Ia terus mengasah talenta menulisnya hingga 1899 saat berhijrah ke Afrika Selatan. Ernest Douwes Dekker pergi ke Afrika Selatan untuk menjadi sukarelawan dalam Perang Boer. Selama di Afrika Selatan, Ernest Douwes Dekker mengirim surat untuk teman-temannya di Batavia. 

Tulisan-tulisan Ernest Douwes Dekker yang mereportasekan keadaan Perang Boer --seperti perjalanannya melintasi India, Aden dan Afrika Timur-- diterbitkan di Bataviaasch Nieuwsblad. Tulisan tersebut menarik perhatian pemimpin De Locomotief Pieter Brooshoft dan Vierhout. Setelah pulang dari Afrika Selatan, Ernest Douwes Dekker ditawari menjadi korespenden Batavia. Ernest Douwes Dekker pun mengambil kesempatan tersebut. 
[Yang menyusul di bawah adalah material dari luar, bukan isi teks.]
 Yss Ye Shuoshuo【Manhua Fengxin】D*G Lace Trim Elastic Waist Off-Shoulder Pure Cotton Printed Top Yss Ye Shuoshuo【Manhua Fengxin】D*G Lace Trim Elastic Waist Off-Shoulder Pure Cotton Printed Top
Saat menjadi wartawan, Ernest Douwes Dekker tidak ragu mengkritik pemerintah Hindia Belanda. Contohnya, saat Ernest Douwes Dekker mengkritik politik etis yang memecah belah masyarakat pribumi. Tidak sedikit tokoh Belanda membalas tulisan Ernest Douwes Dekker dengan menyebutnya oportunis, avonturir, bahkan 'Si Bangsat'.
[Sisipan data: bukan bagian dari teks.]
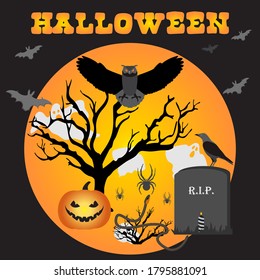 Halloween Party Vector illustration Full moon, bat, tree, owl, grave, candle, raven, skull, snake, spiders, Jack O'Lantern, ghosts Inscription Halloween Festive background Design for party card, print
Karena kerap mendapatkan ancaman dan kebencian dari Pemerintah Hindia Belanda, Ernest Douwes Dekker lalu menulis berita dengan nama inisialnya 'DD', yang kemudian jadi nama panggilannya. Karier jurnalistik Ernest Douwes Dekker pun terus melonjak. Ia menjadi koresponden berbagai surat kabar di Bandung dan Sumatera.
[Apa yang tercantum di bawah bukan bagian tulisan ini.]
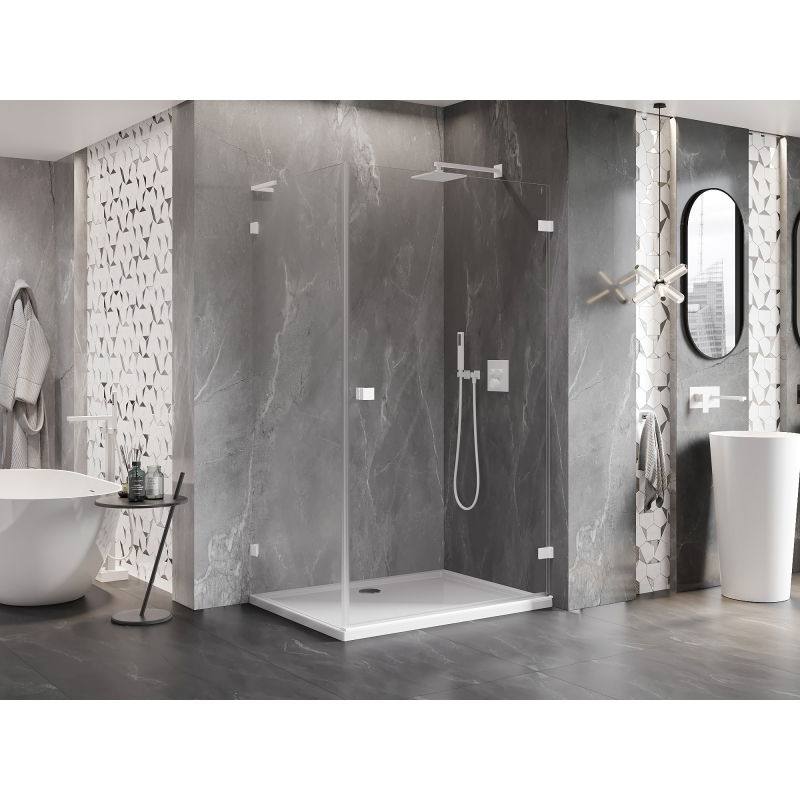 Mexen Lunar-B L right-hinged shower cabin 100 x 90 cm, transparent, white - 832L-100-090-20-00-P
Ia berhasil menjadi redaktur utama Bataviaasch Nieuwsblad di usia 28 tahun. Namun, Ernest Douwes Dekker tidak lama berada di Bataviaasch Nieuwsblad. Ia memutuskan hengkang setelah bertengkar dengan pemimpin redaksi media tersebut. Tidak punya pekerjaan, Ernest Douwes Dekker memutuskan pindah ke Belanda.

Namun, penjajahan Belanda di Indonesia terus mengusiknya. Ernest Douwes Dekker pun memutuskan segera kembali ke Batavia. Ia lalu menerbitkan surat kabar Het Tijdchrift. Surat kabar tersebut berisi tulisan tentang nasionalisme.

Ernest Douwes Dekker kemudian juga menerbitkan De Expres. Surat Kabar itu jadi yang terakhir ia ciptakan, yang kemudian menjadi media resmi Indische Partij. Ernest Douwes Dekker, bergantian dengan Tjipto Mangoenkoesoemo dan Soewardi Soerjaningrat menulis tulisan yang kerap mengecam Belanda dan menumbuhkan nasionalisme.

Semua usaha yang dilakukan Ernest Douwes Dekker menunjukkan bahwa darah Belanda di tubuhnya tak berarti ia harus sepakat dengan kolonialisme Belanda. Bahkan, Ernest Douwes Dekker lebih sering mengaku dirinya sebagai orang Jawa karena tumbuh dan hidup di Indonesia. Keberaniannya menentang ketidakadilan rasial dan melawan sikap otoriter Belanda mampu menularkan kecintaan rakyat Indonesia pada negaranya.